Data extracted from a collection
=== Begin Enclosure ===

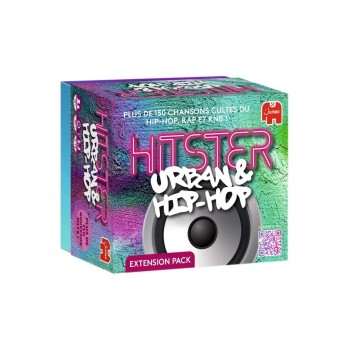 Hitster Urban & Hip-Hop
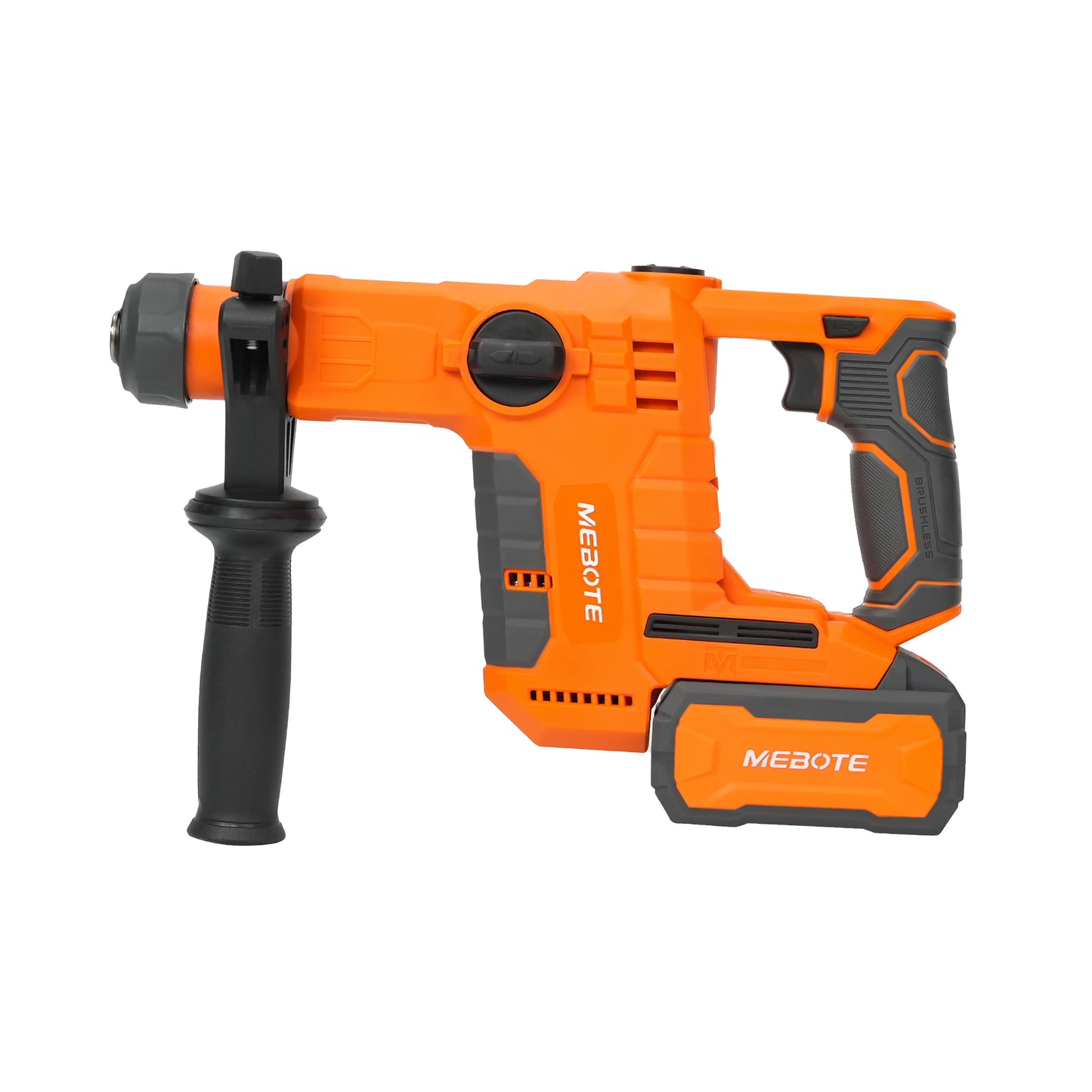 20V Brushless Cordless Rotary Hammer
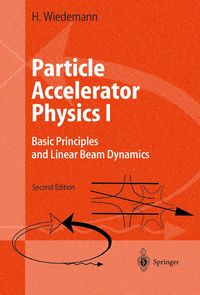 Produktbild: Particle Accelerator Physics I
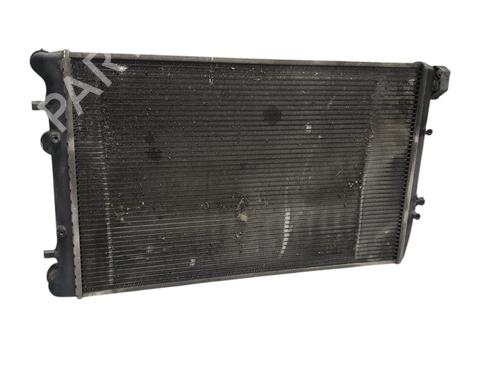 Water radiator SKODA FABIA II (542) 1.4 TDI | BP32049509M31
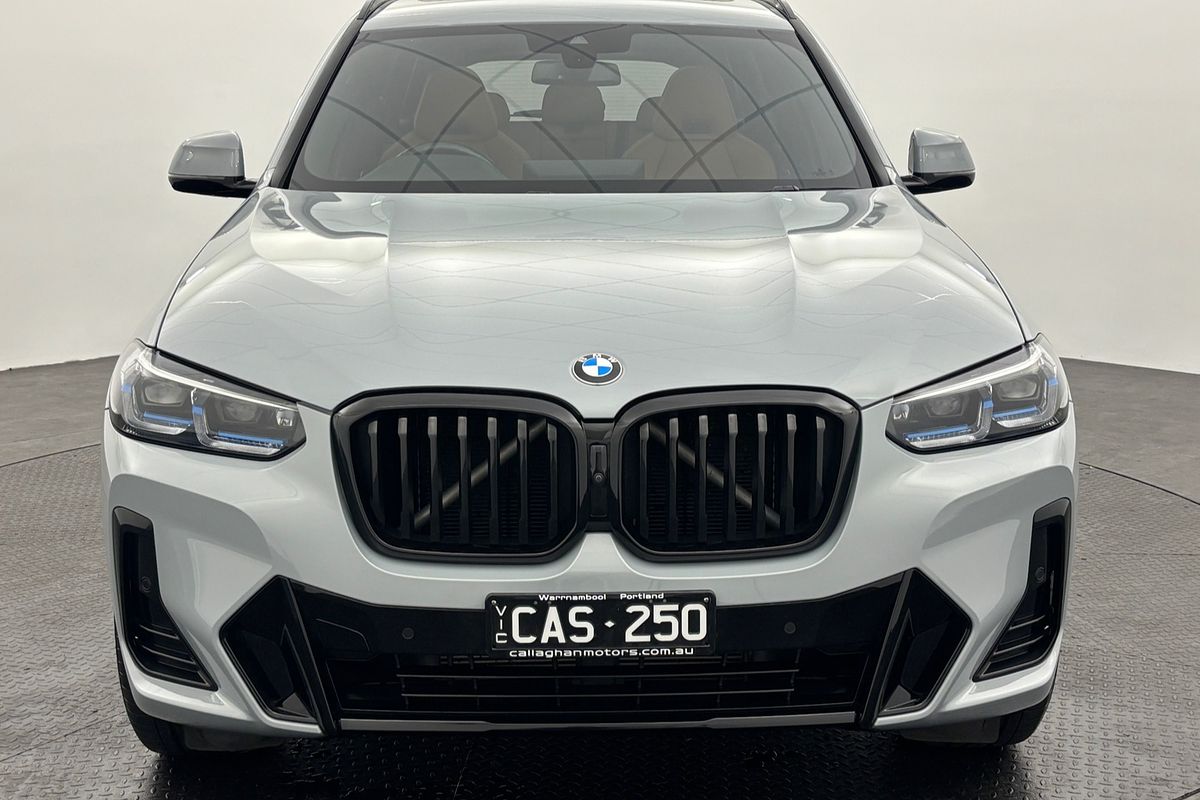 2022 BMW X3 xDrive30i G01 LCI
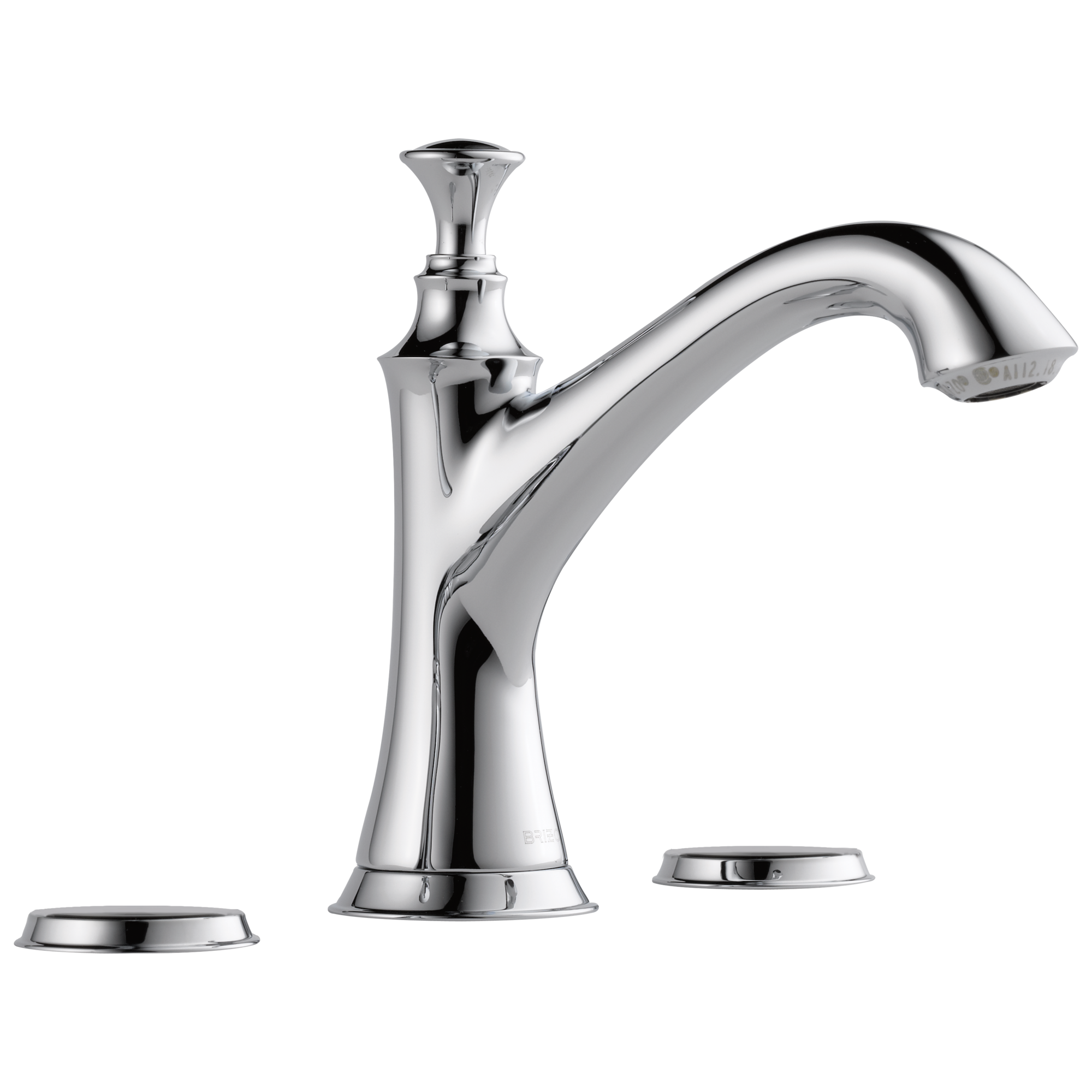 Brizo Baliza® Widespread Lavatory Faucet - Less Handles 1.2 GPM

=== End Enclosure ===

PROBLEM DETAILS: Please write out all the entries above again exactly as they appear, skipping any images.

COMPLETED TASK:
 Hitster Urban & Hip-Hop
 20V Brushless Cordless Rotary Hammer
 Produktbild: Particle Accelerator Physics I
 Water radiator SKODA FABIA II (542) 1.4 TDI | BP32049509M31
 2022 BMW X3 xDrive30i G01 LCI
 Brizo Baliza® Widespread Lavatory Faucet - Less Handles 1.2 GPM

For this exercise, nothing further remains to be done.